Can you suggest some good resources where best practices in OOP design are presented? I'm planning to start a project in my spare time and I want it to be my learning project in correct OOP design..
Allen Holub made a big splash with "Why getter and setter methods are evil" back in 2003.
It's great that you've found and read the article. I admire anybody who's learning and thinking critically about what they're doing.
But take Mr. Holub with a grain of salt.
This is one view that got a lot of attention for its extreme position and the use of the word "evil", but it hasn't set the world on fire or been generally accepted as dogma.
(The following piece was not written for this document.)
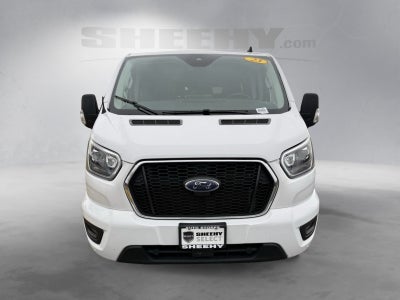 2023 Ford Transit-350 XLT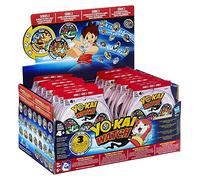 Yo-Kai Series 2 Medals - Case of 24 Blind Bags - 72 Random Medals by Yokai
Look at C#: they actually added syntactic sugar to the language to make get/set operations easier to write. Either this confirms someone's view of Microsoft as an evil empire or contradicts Mr. Holub's statement.
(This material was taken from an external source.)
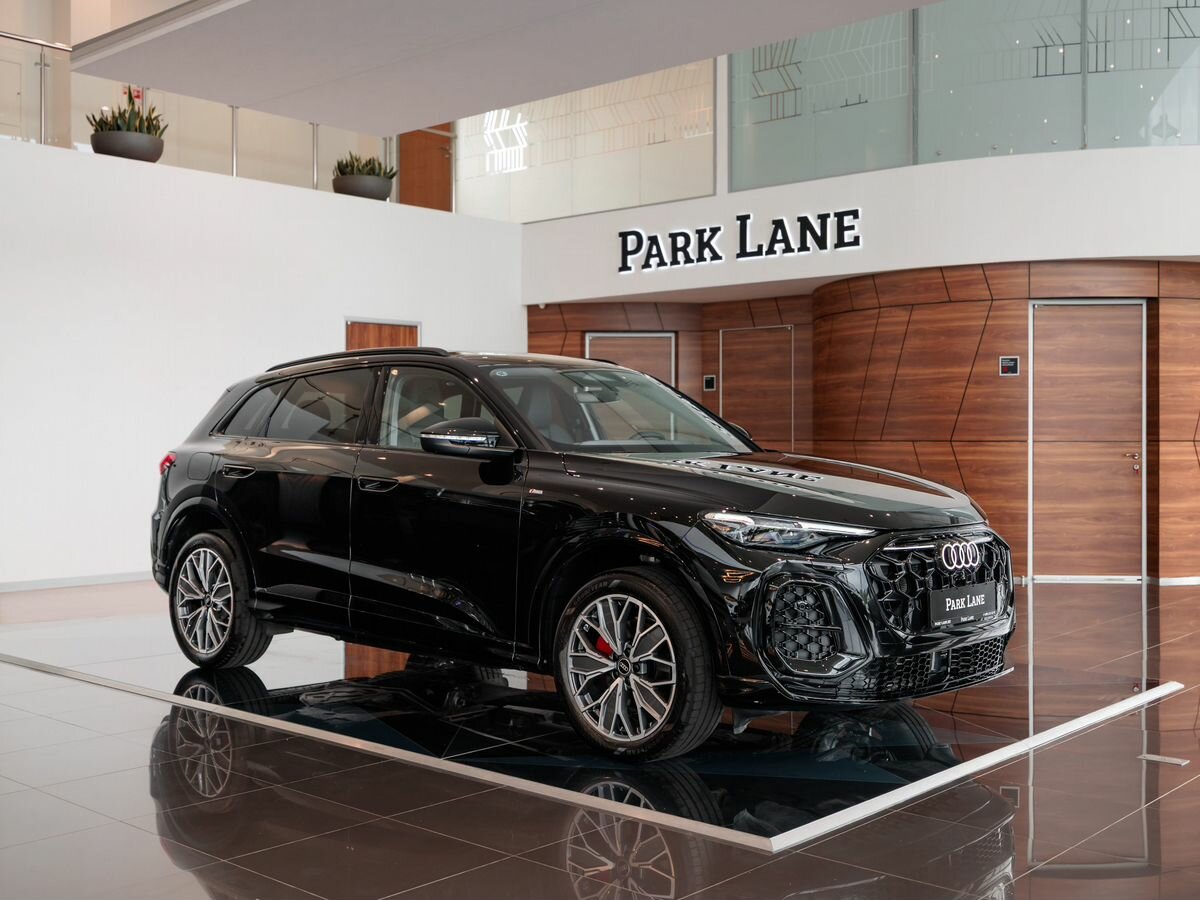 Открыть фотографии: Audi Q5 III (GU)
The fact is that people write objects so that clients can manipulate state. It doesn't mean that every object written that way is wrong, evil, or unworkable.
The extreme view is not practical.
"Encapsulate your fields" so I learned to create class give it some fields, create getters, setters
Python folks do not do this. Yet, they are still doing OO programming. Clearly, fussy getters and setters aren't essential.
They're common, because of limitations in C++ and Java. But they don't seem to be essential.
Python folks use properties sometimes to create a getter and setter functions that look like a simple attribute.
The point is that "Encapsulation" is a Design strategy. It has little or nothing to do with the implementation. You can have all public attributes, and still a nicely encapsulated design.
Also note that many people worry about "someone else" who "violates" the design by directly accessing attributes. I suppose this could happen, but then the class would stop working correctly.
In C++ (and Java) where you cannot see the source, it can be hard to understand the interface, so you need lots of hints. private methods, explicit getters and setters, etc.
In Python, where you can see all the source, it's trivial to understand the interface. We don't need to provide so many hints. As we say "Use the source, Luke" and "We're all adults here." We're all able to see the source, we don't need to be fussy about piling on getters and setters to provide yet more hints as to how the API works.
For instance displaying/rendering object that is "data" class - let's say Person, that has name and date of birth. Should the class have method for displaying the object where some Renderer would be passed as an argument?
Good idea.
Wouldn't that violate principle that class should have only one purpose (in this case store state) so it should not care about presentation of this object.
That's why the Render object is separate. Your design is quite nice.
No reason why a Person object can't call a general-purpose renderer and still have a narrow set of responsibilities. After all the Person object is responsible for the attributes, and passing those attributes to a Renderer is well within it's responsibilities.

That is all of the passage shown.